■ EXERCISE PROMPT: Without including any picture, return the complete set of records exactly.

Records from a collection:
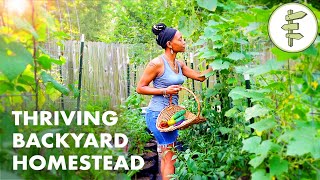 Womans Incredible Backyard Homestead Produces TONS of Food for Her Family – URBAN GARDEN TOUR [upl. by Lesna542]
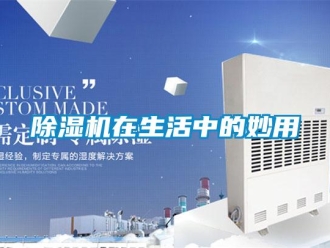 企業(yè)新聞除濕機在生活中的妙用
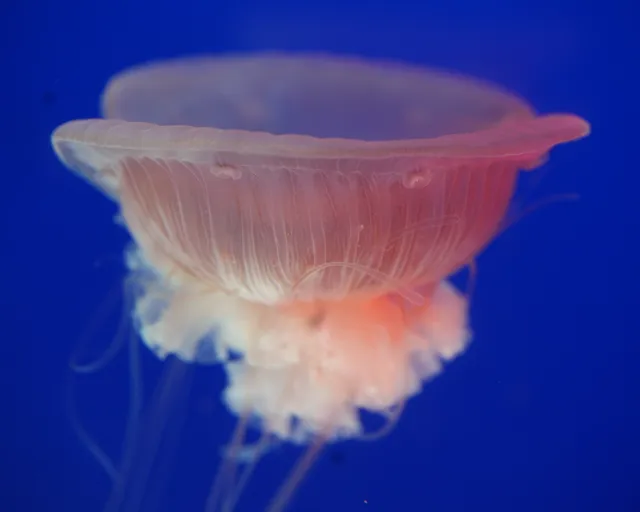 Come visit an unusual beauty: A pink meanie jelly at the Two Oceans Aquarium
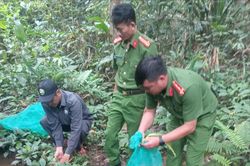 Gia Lai: Thả 3 cá thể rùa quý hiếm, nguy cấp về môi trường tự nhiên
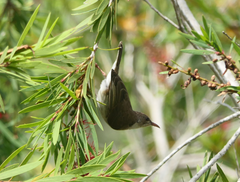 Ramsayornis modestus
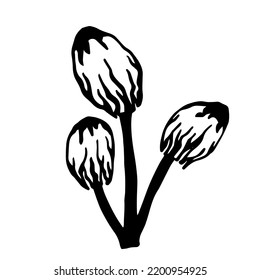 Pale toadstool mushroom.Botanical sketch.Vector graphics.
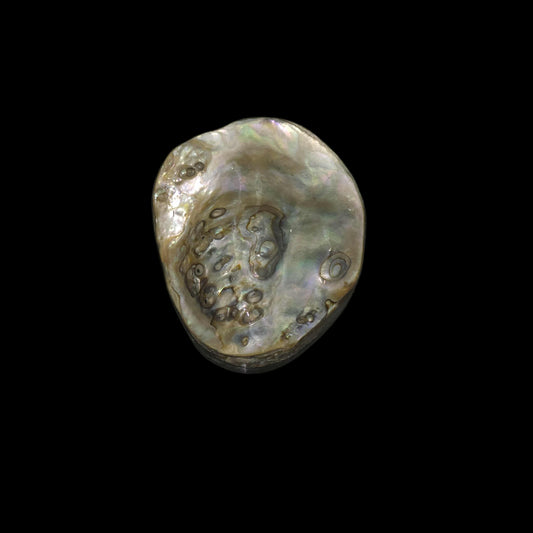 Wild Pāua Pearl Mabē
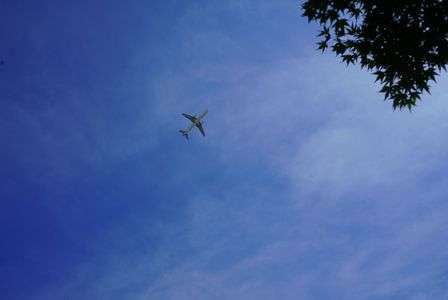 飛行機と空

■ SOLUTION FOR THIS TASK:
 Womans Incredible Backyard Homestead Produces TONS of Food for Her Family – URBAN GARDEN TOUR [upl. by Lesna542]
 企業(yè)新聞除濕機在生活中的妙用
 Come visit an unusual beauty: A pink meanie jelly at the Two Oceans Aquarium
 Gia Lai: Thả 3 cá thể rùa quý hiếm, nguy cấp về môi trường tự nhiên
 Ramsayornis modestus
 Pale toadstool mushroom.Botanical sketch.Vector graphics.
 Wild Pāua Pearl Mabē
 飛行機と空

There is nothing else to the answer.